Yes Gene..It is a clean city. The trikes are big and you dont have to break your back bending down to get inside of them. You just step in.

Dont the Filipina's love their food. Nothing happens unless they have their cup of rice three times a day.

New years eve was hectic for my girl because the family superstition is that they need 13 round fruits in a basket to bring them good luck for the new year. They had to search high and low through different markets to get the.

In the Zamboanga City province you will see on the back of the trikes the day that that trike is not allowed to work..I think its a great idea. You can see the days not working on the back of these trike pics below.

How did you guys cope when u first met the family and you were up to 10 years older then your girls father...A bit daunting... regards


----------



## Asian Spirit (Mar 1, 2010)

*Good Food*



seram said:


> Yes Gene..It is a clean city. The trikes are big and you dont have to break your back bending down to get inside of them. You just step in.
> 
> Dont the Filipina's love their food. Nothing happens unless they have their cup of rice three times a day.
> 
> ...


 You’re making me feel the travel bug again with all those great photos! Sure enjoy seeing them as I’m sure others do as well. 
We are thinking of getting a sidecar for our motor so may have a big one like that made.
My in-laws are older than I am so didn’t have a problem at all. Great family and enjoy visiting with them when we go to our farm.
Funny, after being here almost nine years, I find that I like many of the local foods and eat rice too. Brown or black rice is good but still don’t like the white stuff much. Strange, even the foods from back home in the states I don’t miss for the most part.

Best Regards,

Gene…


----------



## Garp01 (Aug 4, 2013)

Nice pics, you have what I am looking for....are you still living in Zamboanga?
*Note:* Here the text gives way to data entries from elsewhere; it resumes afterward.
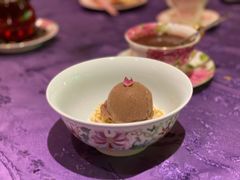 麦乳精雪糕-惠食佳·朱雀(东方商厦店)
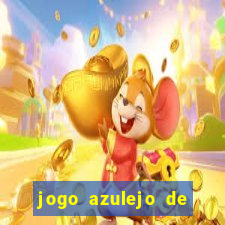 jogo azulejo de desenho animado paga mesmo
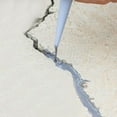 thumbnail image 3 of Scellant de Réparation Imperméable pour Fissures de Béton, Colle de Calfeutrage à Séchage Rapide, 3 of 8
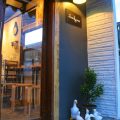 The Goose House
I am thinking of re-locating to sindangan to be with my girl, not that far from you...do the ex-pats ever get together there, any ex-pat clubs I could join?


----------



## Billfish (Apr 13, 2013)

Garp01 said:


> Nice pics, you have what I am looking for....are you still living in Zamboanga?
> 
> I am thinking of re-locating to sindangan to be with my girl, not that far from you...do the ex-pats ever get together there, any ex-pat clubs I could join?


Sindangan Zamboanaga Del Norte? It's a fair distance from Zamboanga City; you won't be catching up for casual beers on the weekend. If there are any then Dipolog may be your best bet. 

There's been a bit of NPA activity just South of there recently (though it may well have been election related). 

Can't say I've ever been in Sindangan, but be careful as you will be be well of the beaten path in a small community and will stick out like the dog's proverbials.


----------



## Garp01 (Aug 4, 2013)

Billfish said:


> Sindangan Zamboanaga Del Norte? It's a fair distance from Zamboanga City; you won't be catching up for casual beers on the weekend. If there are any then Dipolog may be your best bet.
> 
> There's been a bit of NPA activity just South of there recently (though it may well have been election related).
> 
> Can't say I've ever been in Sindangan, but be careful as you will be be well of the beaten path in a small community and will stick out like the dog's proverbials.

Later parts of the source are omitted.